Data block: Begin
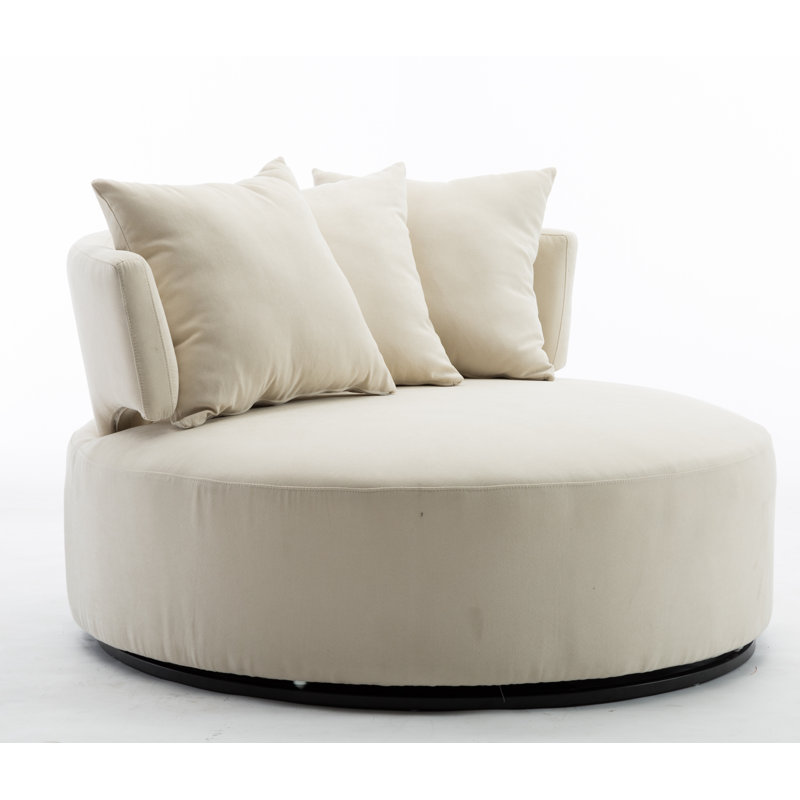 Latitude Run Reanne Swivel Chair and a Half Wayfair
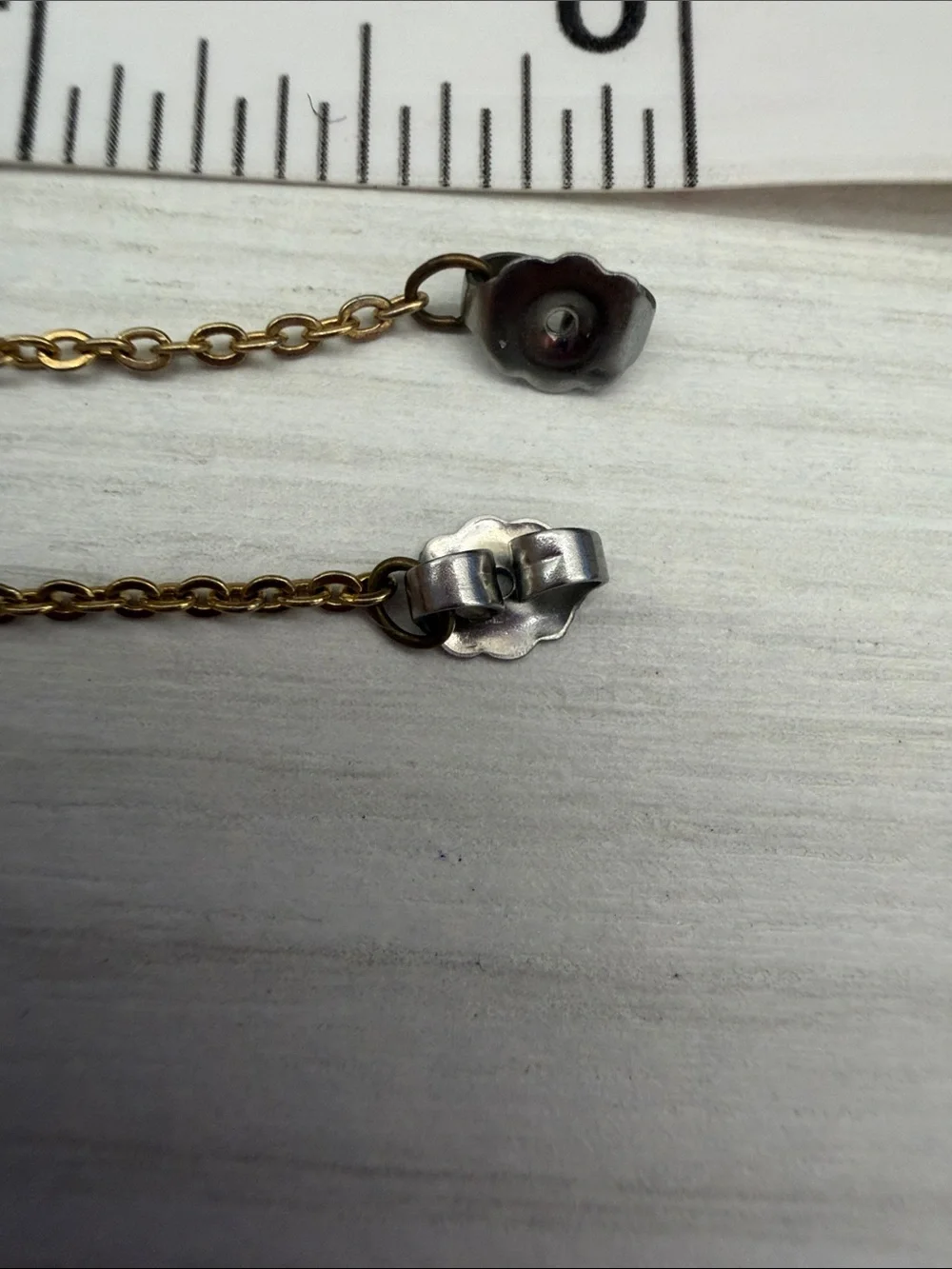 Gold Floral Chain Drop Earrings for Women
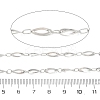 Rack Plating Brass Oval Link Chains CHC-N009-05P-3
Data block: End
Description of the task. Starting at the line that contains "Gold Floral Chain Drop Earrings for Women" and ending at the final line of the data, reproduce each line exactly. Pictures stay out of the copy.

Expected output.
 Gold Floral Chain Drop Earrings for Women
 Rack Plating Brass Oval Link Chains CHC-N009-05P-3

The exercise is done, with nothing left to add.